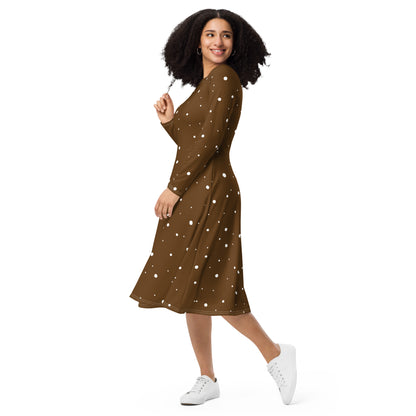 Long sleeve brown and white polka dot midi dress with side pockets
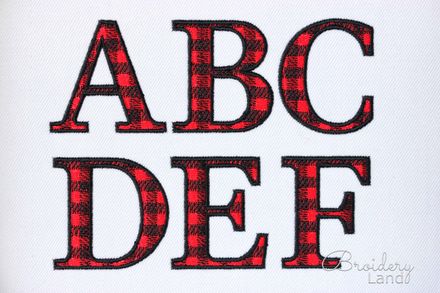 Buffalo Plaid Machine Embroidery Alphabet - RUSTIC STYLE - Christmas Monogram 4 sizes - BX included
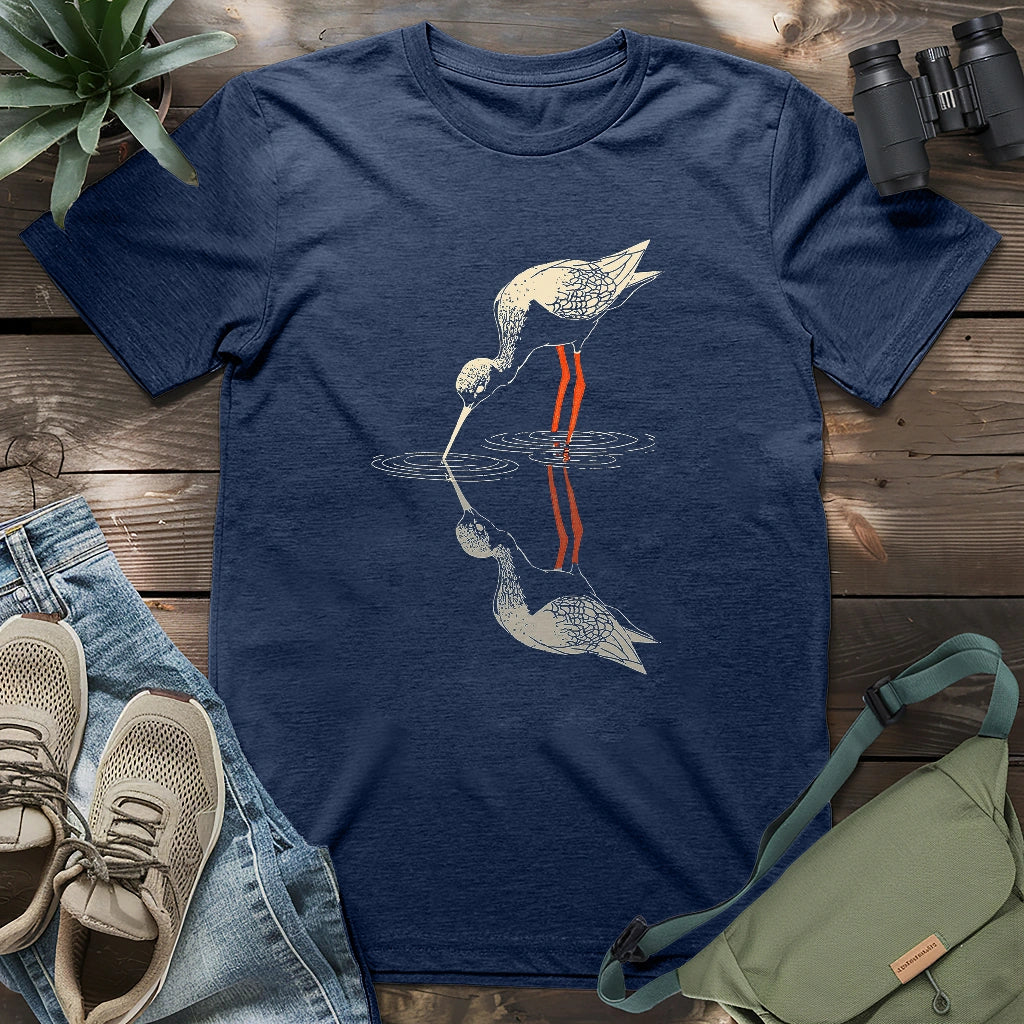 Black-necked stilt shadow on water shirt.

------------------------------------------------------------------------

Exercise description: Aside from its pictures, the listing must be given again in full, exactly as it appears.

Answer box:
 Long sleeve brown and white polka dot midi dress with side pockets
 Buffalo Plaid Machine Embroidery Alphabet - RUSTIC STYLE - Christmas Monogram 4 sizes - BX included
 Black-necked stilt shadow on water shirt.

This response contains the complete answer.